Stored items from a collection:
***

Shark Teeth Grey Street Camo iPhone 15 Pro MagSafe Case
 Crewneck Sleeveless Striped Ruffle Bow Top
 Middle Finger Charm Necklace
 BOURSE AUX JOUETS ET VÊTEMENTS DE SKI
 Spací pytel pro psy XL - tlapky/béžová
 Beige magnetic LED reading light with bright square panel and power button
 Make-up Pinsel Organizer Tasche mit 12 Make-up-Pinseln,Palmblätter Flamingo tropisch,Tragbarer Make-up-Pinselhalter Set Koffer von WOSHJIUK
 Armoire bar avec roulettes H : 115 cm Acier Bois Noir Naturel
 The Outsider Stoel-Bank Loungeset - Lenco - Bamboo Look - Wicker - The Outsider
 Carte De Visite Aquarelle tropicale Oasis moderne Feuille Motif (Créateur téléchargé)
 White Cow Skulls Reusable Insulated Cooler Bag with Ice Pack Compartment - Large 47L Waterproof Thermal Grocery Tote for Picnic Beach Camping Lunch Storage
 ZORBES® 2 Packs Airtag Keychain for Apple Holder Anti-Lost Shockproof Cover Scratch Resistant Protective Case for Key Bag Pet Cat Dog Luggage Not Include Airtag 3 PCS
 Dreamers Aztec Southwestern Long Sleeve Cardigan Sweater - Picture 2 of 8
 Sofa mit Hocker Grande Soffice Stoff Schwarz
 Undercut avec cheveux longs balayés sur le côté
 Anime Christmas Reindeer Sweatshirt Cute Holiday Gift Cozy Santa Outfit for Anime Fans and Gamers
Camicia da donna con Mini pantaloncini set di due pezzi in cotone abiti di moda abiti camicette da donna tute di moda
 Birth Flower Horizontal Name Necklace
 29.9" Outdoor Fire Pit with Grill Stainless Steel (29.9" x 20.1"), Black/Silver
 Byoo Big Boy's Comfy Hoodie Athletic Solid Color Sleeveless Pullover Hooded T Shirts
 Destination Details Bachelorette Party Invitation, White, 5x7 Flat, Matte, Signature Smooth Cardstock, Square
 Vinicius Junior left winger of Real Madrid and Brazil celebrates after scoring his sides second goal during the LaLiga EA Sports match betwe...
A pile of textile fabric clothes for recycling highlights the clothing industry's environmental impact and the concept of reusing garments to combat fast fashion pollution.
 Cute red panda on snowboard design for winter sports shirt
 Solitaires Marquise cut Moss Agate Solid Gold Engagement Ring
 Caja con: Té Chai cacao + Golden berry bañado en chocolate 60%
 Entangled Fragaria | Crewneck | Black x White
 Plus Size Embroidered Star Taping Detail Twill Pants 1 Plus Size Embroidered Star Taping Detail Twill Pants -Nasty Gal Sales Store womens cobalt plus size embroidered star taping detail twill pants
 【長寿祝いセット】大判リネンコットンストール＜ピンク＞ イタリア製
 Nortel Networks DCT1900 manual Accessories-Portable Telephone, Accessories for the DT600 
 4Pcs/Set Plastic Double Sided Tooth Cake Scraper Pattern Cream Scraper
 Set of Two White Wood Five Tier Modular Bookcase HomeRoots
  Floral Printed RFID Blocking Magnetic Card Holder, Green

***

> **WHAT THIS TASK INVOLVES**
Print out each record above exactly, with nothing omitted.

> **EXERCISE OUTPUT**
Shark Teeth Grey Street Camo iPhone 15 Pro MagSafe Case
 Crewneck Sleeveless Striped Ruffle Bow Top
 Middle Finger Charm Necklace
 BOURSE AUX JOUETS ET VÊTEMENTS DE SKI
 Spací pytel pro psy XL - tlapky/béžová
 Beige magnetic LED reading light with bright square panel and power button
 Make-up Pinsel Organizer Tasche mit 12 Make-up-Pinseln,Palmblätter Flamingo tropisch,Tragbarer Make-up-Pinselhalter Set Koffer von WOSHJIUK
 Armoire bar avec roulettes H : 115 cm Acier Bois Noir Naturel
 The Outsider Stoel-Bank Loungeset - Lenco - Bamboo Look - Wicker - The Outsider
 Carte De Visite Aquarelle tropicale Oasis moderne Feuille Motif (Créateur téléchargé)
 White Cow Skulls Reusable Insulated Cooler Bag with Ice Pack Compartment - Large 47L Waterproof Thermal Grocery Tote for Picnic Beach Camping Lunch Storage
 ZORBES® 2 Packs Airtag Keychain for Apple Holder Anti-Lost Shockproof Cover Scratch Resistant Protective Case for Key Bag Pet Cat Dog Luggage Not Include Airtag 3 PCS
 Dreamers Aztec Southwestern Long Sleeve Cardigan Sweater - Picture 2 of 8
 Sofa mit Hocker Grande Soffice Stoff Schwarz
 Undercut avec cheveux longs balayés sur le côté
 Anime Christmas Reindeer Sweatshirt Cute Holiday Gift Cozy Santa Outfit for Anime Fans and Gamers
Camicia da donna con Mini pantaloncini set di due pezzi in cotone abiti di moda abiti camicette da donna tute di moda
 Birth Flower Horizontal Name Necklace
 29.9" Outdoor Fire Pit with Grill Stainless Steel (29.9" x 20.1"), Black/Silver
 Byoo Big Boy's Comfy Hoodie Athletic Solid Color Sleeveless Pullover Hooded T Shirts
 Destination Details Bachelorette Party Invitation, White, 5x7 Flat, Matte, Signature Smooth Cardstock, Square
 Vinicius Junior left winger of Real Madrid and Brazil celebrates after scoring his sides second goal during the LaLiga EA Sports match betwe...
A pile of textile fabric clothes for recycling highlights the clothing industry's environmental impact and the concept of reusing garments to combat fast fashion pollution.
 Cute red panda on snowboard design for winter sports shirt
 Solitaires Marquise cut Moss Agate Solid Gold Engagement Ring
 Caja con: Té Chai cacao + Golden berry bañado en chocolate 60%
 Entangled Fragaria | Crewneck | Black x White
 Plus Size Embroidered Star Taping Detail Twill Pants 1 Plus Size Embroidered Star Taping Detail Twill Pants -Nasty Gal Sales Store womens cobalt plus size embroidered star taping detail twill pants
 【長寿祝いセット】大判リネンコットンストール＜ピンク＞ イタリア製
 Nortel Networks DCT1900 manual Accessories-Portable Telephone, Accessories for the DT600 
 4Pcs/Set Plastic Double Sided Tooth Cake Scraper Pattern Cream Scraper
 Set of Two White Wood Five Tier Modular Bookcase HomeRoots
  Floral Printed RFID Blocking Magnetic Card Holder, Green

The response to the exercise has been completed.